The method and apparatus described herein may be incorporated into any suitable integrated circuit or system of integrated circuits. For example, the method and apparatus may be incorporated into numerous types of devices such as microprocessors or other ICs. Exemplary ICs include programmable array logic (PAL), programmable logic arrays (PLAs), field programmable logic arrays (FPLAs), electrically programmable integrated circuits (EPLDs), electrically erasable programmable integrated circuits (EEPLDs), logic cell arrays (LCAs), field programmable gate arrays (FPGAs), application specific standard products (ASSPs), application specific integrated circuits (ASICs), just to name a few.

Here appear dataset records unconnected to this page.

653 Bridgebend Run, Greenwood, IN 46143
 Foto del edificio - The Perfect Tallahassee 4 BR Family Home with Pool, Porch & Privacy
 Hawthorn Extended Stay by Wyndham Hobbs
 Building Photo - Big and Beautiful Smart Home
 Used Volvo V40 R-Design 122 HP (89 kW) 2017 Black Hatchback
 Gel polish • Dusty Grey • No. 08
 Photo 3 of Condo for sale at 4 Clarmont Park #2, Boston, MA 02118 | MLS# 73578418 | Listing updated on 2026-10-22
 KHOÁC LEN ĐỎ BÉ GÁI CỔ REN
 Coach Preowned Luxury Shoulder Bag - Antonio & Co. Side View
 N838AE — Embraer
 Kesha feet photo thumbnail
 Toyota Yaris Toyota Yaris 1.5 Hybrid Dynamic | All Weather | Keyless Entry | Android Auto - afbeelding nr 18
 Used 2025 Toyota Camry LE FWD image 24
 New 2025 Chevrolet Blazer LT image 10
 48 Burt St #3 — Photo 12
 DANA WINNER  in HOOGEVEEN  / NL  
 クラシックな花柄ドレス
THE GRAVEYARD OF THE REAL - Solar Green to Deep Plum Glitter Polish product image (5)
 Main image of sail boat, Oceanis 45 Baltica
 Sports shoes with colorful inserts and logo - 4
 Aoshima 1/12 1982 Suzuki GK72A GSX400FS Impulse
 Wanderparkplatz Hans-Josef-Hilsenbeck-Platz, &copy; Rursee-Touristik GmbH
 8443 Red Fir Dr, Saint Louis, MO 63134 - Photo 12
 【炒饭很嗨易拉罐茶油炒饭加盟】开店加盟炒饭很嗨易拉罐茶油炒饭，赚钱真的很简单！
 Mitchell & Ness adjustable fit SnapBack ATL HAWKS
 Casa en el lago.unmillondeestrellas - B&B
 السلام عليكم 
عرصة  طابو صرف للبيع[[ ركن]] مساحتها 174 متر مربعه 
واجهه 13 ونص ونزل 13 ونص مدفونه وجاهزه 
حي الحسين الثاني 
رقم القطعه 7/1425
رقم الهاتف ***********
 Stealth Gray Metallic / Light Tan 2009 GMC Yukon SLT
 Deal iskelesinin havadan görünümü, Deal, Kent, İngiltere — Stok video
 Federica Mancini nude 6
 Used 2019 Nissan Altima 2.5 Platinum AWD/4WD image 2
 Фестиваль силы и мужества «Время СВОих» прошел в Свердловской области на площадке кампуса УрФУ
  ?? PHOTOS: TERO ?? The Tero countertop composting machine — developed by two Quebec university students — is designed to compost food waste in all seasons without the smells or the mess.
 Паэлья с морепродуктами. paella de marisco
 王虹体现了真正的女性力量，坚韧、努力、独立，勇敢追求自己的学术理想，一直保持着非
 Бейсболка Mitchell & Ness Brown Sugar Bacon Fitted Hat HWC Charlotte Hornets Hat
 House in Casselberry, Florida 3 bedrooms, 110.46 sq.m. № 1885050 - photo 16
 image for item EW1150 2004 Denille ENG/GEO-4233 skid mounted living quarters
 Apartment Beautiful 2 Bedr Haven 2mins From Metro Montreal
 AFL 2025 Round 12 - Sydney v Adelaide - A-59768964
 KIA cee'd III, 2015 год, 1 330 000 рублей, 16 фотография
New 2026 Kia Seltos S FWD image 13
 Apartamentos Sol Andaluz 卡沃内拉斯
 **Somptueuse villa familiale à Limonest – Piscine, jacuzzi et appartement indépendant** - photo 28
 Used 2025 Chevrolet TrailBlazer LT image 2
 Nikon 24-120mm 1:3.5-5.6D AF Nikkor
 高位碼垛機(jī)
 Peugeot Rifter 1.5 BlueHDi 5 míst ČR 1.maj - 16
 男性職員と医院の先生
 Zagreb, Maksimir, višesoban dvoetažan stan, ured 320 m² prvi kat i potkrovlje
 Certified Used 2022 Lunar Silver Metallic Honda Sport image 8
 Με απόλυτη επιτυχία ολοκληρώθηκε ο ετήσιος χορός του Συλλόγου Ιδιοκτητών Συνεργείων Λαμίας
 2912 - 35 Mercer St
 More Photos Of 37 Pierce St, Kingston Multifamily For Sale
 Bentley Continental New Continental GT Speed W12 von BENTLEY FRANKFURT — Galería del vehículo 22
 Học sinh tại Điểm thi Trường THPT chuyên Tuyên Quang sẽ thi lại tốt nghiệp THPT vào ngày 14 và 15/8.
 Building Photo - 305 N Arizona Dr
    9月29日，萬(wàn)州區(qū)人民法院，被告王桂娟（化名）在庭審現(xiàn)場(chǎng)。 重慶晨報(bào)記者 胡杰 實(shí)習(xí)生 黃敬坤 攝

The programmable integrated circuit described herein may be part of a data processing system that includes one or more of the following components; a processor; memory; I/O circuitry; and peripheral devices. The data processing system can be used in a wide variety of applications, such as computer networking, data networking, instrumentation, video processing, digital signal processing, or any suitable other application where the advantage of using programmable or reprogrammable logic is desirable. The programmable integrated circuit can be used to perform a variety of different logic functions. For example, the programmable integrated circuit can be configured as a processor or controller that works in cooperation with a system processor. The programmable integrated circuit may also be used as an arbiter for arbitrating access to a shared resource in the data processing system. In yet another example, the programmable integrated circuit can be configured as an interface between a processor and one of the other components in the system. In one embodiment, the programmable integrated circuit may be one of the families of devices owned by the assignee.

Claim 1:
Configuration circuitry comprising:
a decoding circuit (<NUM>) configured to receive a base configuration data set (<NUM>, <NUM>) defining a base circuit design (<NUM>) for a configurable integrated circuit and a compressed first configuration data difference set (<NUM>, <NUM>),
wherein the compressed first configuration data difference set (<NUM>, <NUM>) includes compressed data differences between the base configuration data set (<NUM>, <NUM>) and a first configuration data set (<NUM>, <NUM>) defining a first circuit design (<NUM>) for the configurable integrated circuit and preserving portions of the base configuration data set (<NUM>, <NUM>), and
wherein the decoding circuit (<NUM>) comprises:
a first circuit (<NUM>) configured to receive the compressed first configuration data difference set (<NUM>, <NUM>) and to decompress (<NUM>) the compressed first configuration data difference set (<NUM>, <NUM>) to create a decompressed first configuration data difference set; and
a second circuit (<NUM>) configured to receive the base configuration data set (<NUM>, <NUM>) and the decompressed first configuration data difference set from the first circuit (<NUM>), and configured to perform a bit-wise exclusive OR or exclusive NOR operation (<NUM>) between the base configuration data set (<NUM>, <NUM>) and the decompressed first configuration data difference set to restore the first configuration data set (<NUM>, <NUM>).